As a child of the 1970s, Achinoam Nini grew up listening to Paul Simon, Joni Mitchell, the Police, and other popular Western artists, as well as the Yemeni music her grandmother loved. She wasn’t all that interested in classical music. But last year, the Israeli singer and musician, known to fans as Noa, released an album called Letters to Bach, which pairs her original vocals with classic works by the composer. In a recent workshop on campus, Noa and Gil Dor '75, her longtime collaborator, discussed the project in conversation with Berklee President Roger H. Brown and Boston Conservatory at Berklee faculty member Andrew Shryock

Noa and Gil Dor performed several pieces from Letters to Bach.

“Music is our sword of light,” Noa told the assembled students, many of whom share her Israeli heritage. She talked about her background, her childhood in New York City, and her decision to move back to Israel at age 16: “I think the contradictions in my life were always so huge that I needed somewhere to process them. That’s why I became a musician.”

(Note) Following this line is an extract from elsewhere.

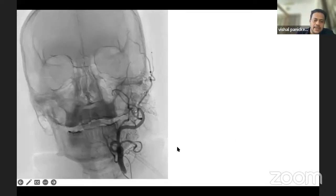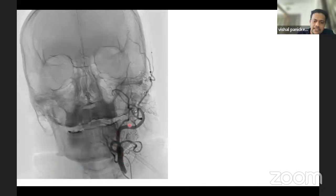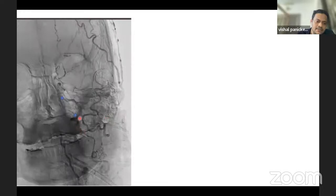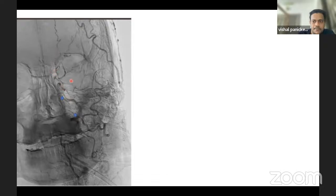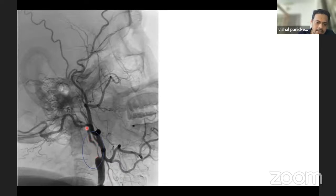We then took a left common carotid shoot. Here we can clearly see the external carotid artery with branches in the cervical segment. The internal carotid artery is not seen in this part. In the later part of the angiography, we can see a streak of contrast flowing through the internal carotid artery, but the distal part is not clearly visible. In the lateral shoot, we can see a tight stenosis in the internal carotid artery at the origin, just at the level of the bifurcation, with a small streak of contrast going upwards.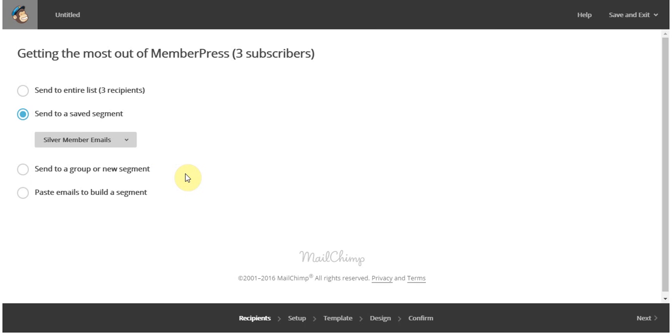And then once I've done that, I can start customizing the emails I would like them to receive. Remember that in this example, I am using MailChimp, but our other add-ons work in very similar ways. In any case, these MemberPress add-ons will help you to deliver powerfully relevant emails and content to your users.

Dor spoke about his own similarly varied experiences, including a stint at Berklee in the 1970s before he moved to New York to pursue a musical career. He praised the complex structure of many Bach pieces, likening the polyphony in some compositions to “the atoms of carbon in a diamond.” Noa compared its layers to “geology,” saying, “The more you listen to music, the more you turn to classical and say, ‘That’s f***ing amazing.’” The two performed several pieces from Letters to Bach, including “Look at Me,” which Noa wrote from the perspective of two women on either side of the Israeli-Palestinian border. Her lyrics are set to the Largo movement of Bach's Concerto No. 5 in F minor. 

While Noa acknowledged that her songs are informed by politics, feminism, and many other influences, she pointed students back to the thing itself: “I’m always thinking about how to produce the best sound that will serve the music,” she said.